#### PROBLEM REQUIREMENTS
Where the data below contains pictures, omit them; output the rest word for word.

#### DATA BLOCK
Segment Open

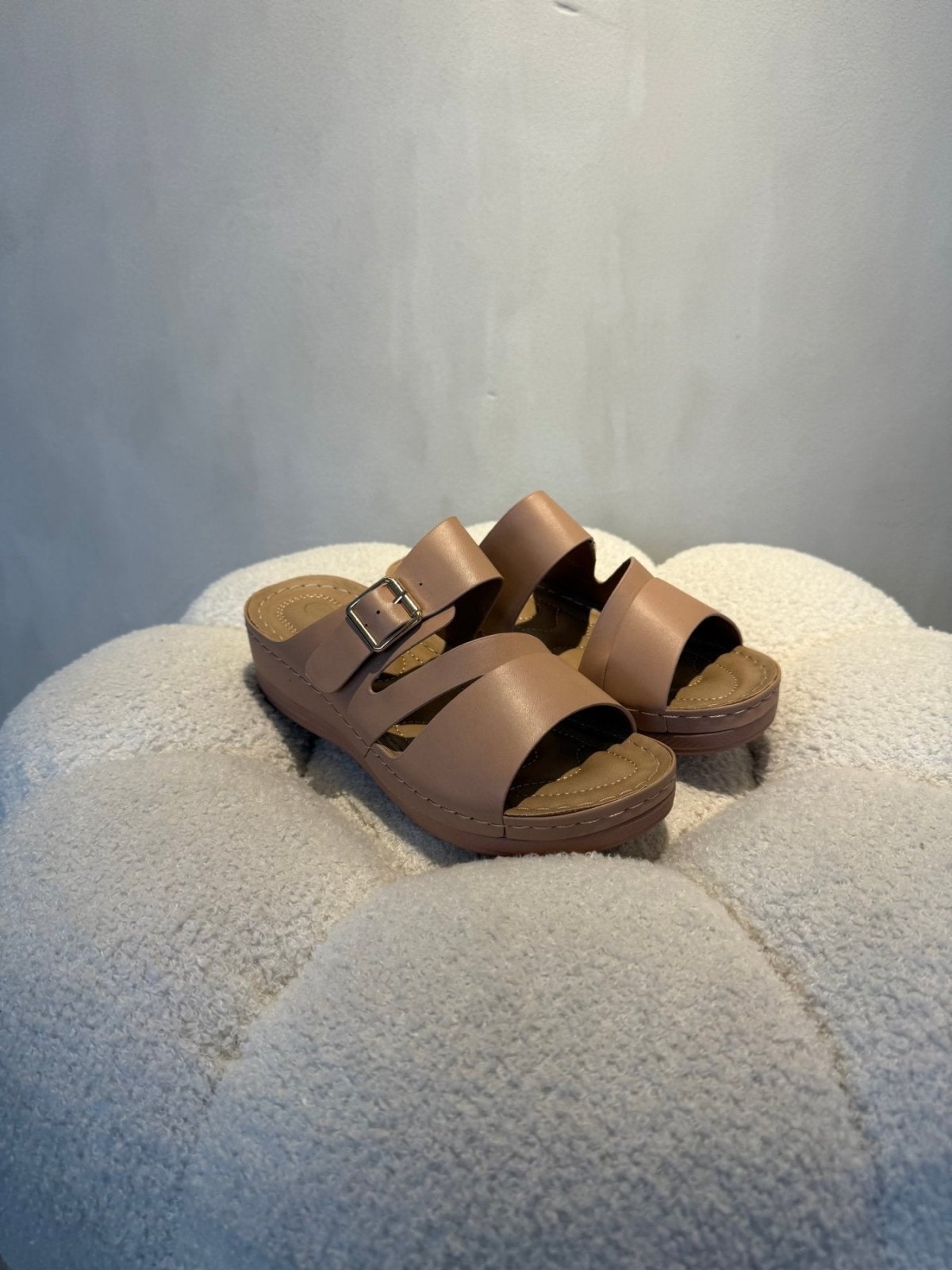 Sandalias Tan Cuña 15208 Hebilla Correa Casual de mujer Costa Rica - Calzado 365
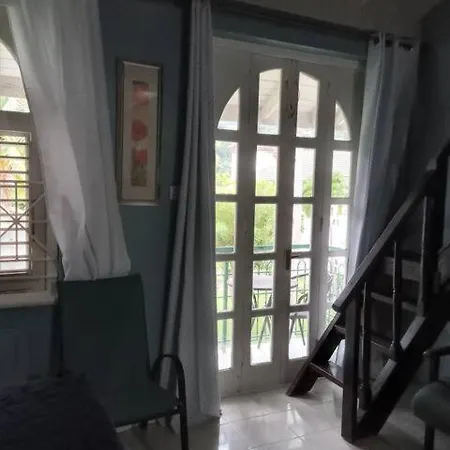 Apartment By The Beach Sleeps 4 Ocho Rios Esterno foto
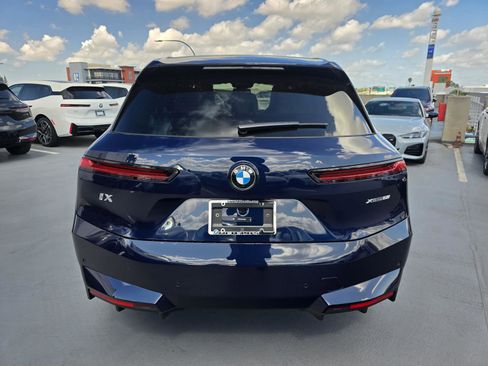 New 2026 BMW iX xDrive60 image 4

Segment Closed

#### ANSWER FOR THE TASK
 Sandalias Tan Cuña 15208 Hebilla Correa Casual de mujer Costa Rica - Calzado 365
 Apartment By The Beach Sleeps 4 Ocho Rios Esterno foto
 New 2026 BMW iX xDrive60 image 4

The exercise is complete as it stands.